* **RECORDS SHOWN**:
__________________________________________________
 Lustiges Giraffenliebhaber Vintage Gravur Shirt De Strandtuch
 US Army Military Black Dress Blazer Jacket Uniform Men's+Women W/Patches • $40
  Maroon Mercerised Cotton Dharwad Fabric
__________________________________________________
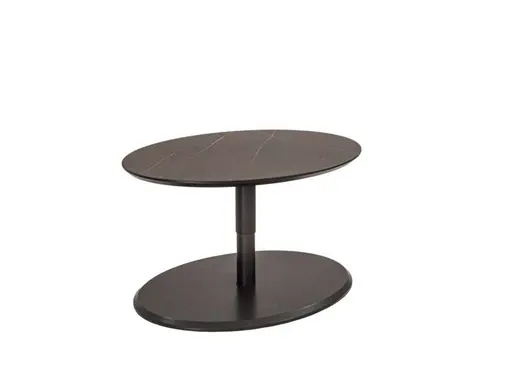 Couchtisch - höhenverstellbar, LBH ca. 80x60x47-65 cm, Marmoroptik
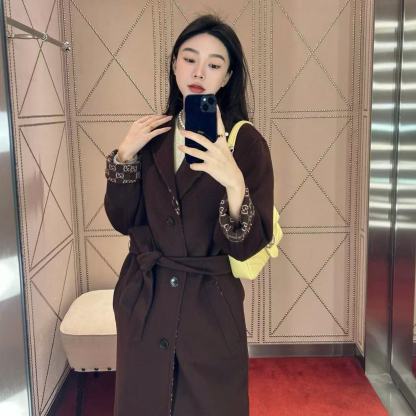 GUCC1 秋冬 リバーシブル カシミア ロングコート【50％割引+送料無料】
__________________________________________________
* **AIM OF THE TASK**:
In the listing above, start at the line with "Lustiges Giraffenliebhaber Vintage", go on through the line with "Maroon Mercerised Cotton Dharwad Fabric", and copy each of those lines exactly; leave out all the rest.

* **OUTPUT FOR THIS EXERCISE**:
 Lustiges Giraffenliebhaber Vintage Gravur Shirt De Strandtuch
 US Army Military Black Dress Blazer Jacket Uniform Men's+Women W/Patches • $40
  Maroon Mercerised Cotton Dharwad Fabric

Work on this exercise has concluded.